Task statement
Below are some records. Return exactly the lines from the one with "Kirkland Signature Microfiber" to the one with "信息检索报告.docx_第3页", and nothing else.

#### Stored data

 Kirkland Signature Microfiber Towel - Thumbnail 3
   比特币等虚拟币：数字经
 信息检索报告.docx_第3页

########
#### Stored data

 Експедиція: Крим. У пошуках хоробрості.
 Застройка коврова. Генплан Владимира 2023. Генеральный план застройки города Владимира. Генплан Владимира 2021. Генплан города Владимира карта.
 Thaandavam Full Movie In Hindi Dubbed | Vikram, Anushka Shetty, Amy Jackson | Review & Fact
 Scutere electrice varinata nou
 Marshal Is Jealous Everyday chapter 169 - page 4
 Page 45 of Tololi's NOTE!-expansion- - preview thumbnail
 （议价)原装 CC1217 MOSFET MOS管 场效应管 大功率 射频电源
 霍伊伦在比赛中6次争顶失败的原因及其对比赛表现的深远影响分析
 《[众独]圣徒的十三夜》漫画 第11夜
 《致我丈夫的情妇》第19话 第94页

########

Solution for this problem
 Kirkland Signature Microfiber Towel - Thumbnail 3
   比特币等虚拟币：数字经
 信息检索报告.docx_第3页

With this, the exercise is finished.